### Available data
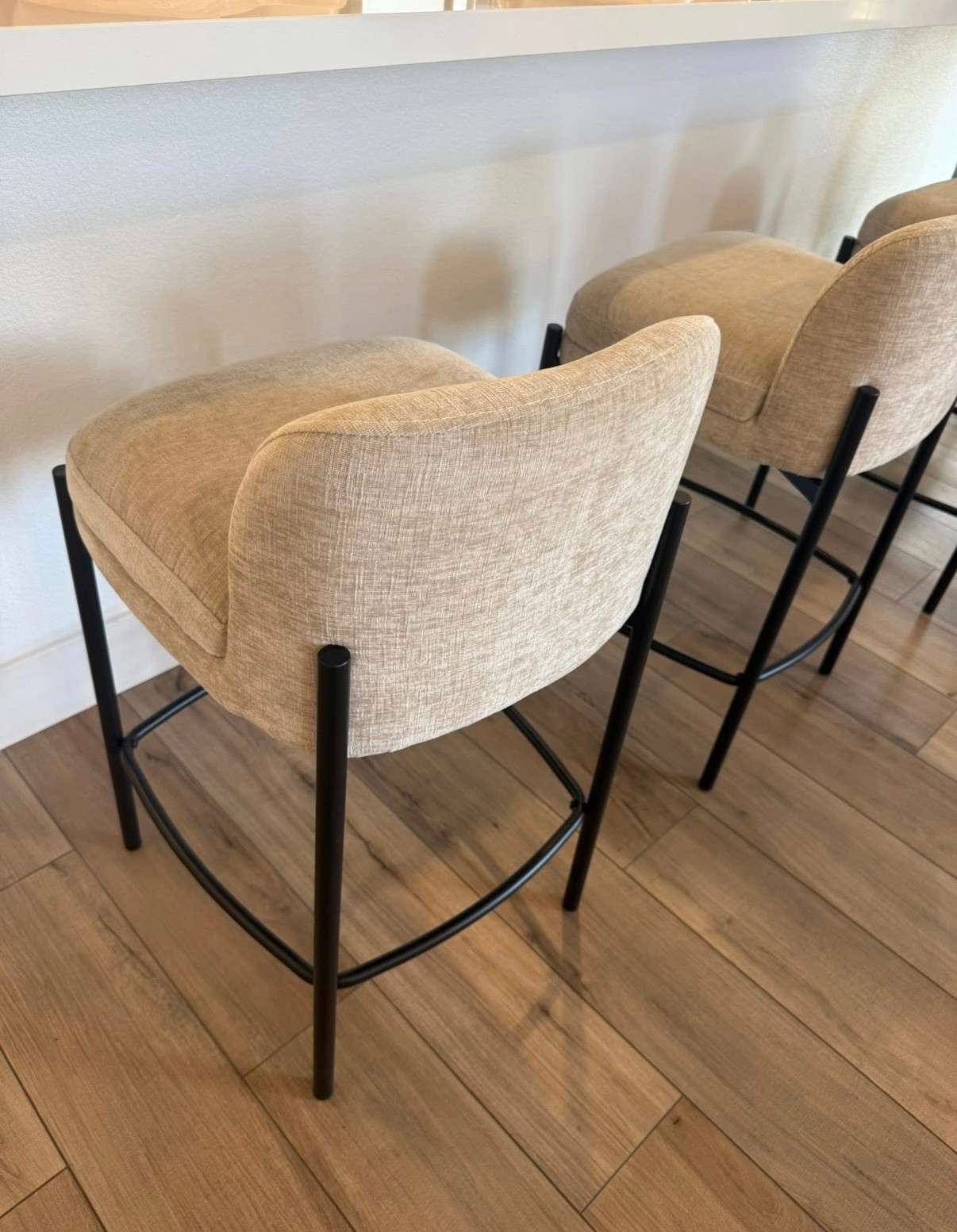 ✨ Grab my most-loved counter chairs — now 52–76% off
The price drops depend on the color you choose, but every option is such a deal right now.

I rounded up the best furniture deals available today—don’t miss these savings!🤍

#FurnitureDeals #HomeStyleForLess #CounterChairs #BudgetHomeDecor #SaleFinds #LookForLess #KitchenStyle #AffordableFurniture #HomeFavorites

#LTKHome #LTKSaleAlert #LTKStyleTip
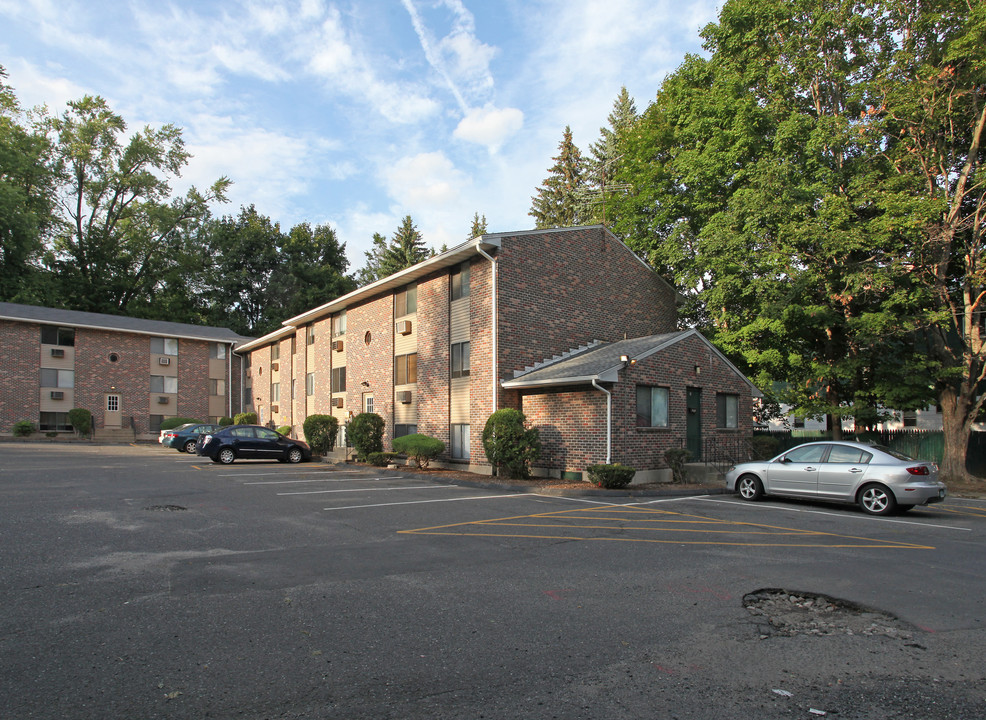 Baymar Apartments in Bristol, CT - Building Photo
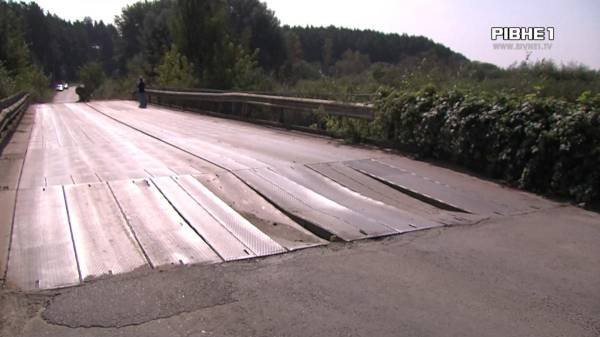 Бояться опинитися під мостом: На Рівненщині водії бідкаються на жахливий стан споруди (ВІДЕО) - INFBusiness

### Assigned task
Please transcribe the material above exactly as written. Leave the pictures out.

### Result for this exercise
 ✨ Grab my most-loved counter chairs — now 52–76% off
The price drops depend on the color you choose, but every option is such a deal right now.

I rounded up the best furniture deals available today—don’t miss these savings!🤍

#FurnitureDeals #HomeStyleForLess #CounterChairs #BudgetHomeDecor #SaleFinds #LookForLess #KitchenStyle #AffordableFurniture #HomeFavorites

#LTKHome #LTKSaleAlert #LTKStyleTip
 Baymar Apartments in Bristol, CT - Building Photo
 Бояться опинитися під мостом: На Рівненщині водії бідкаються на жахливий стан споруди (ВІДЕО) - INFBusiness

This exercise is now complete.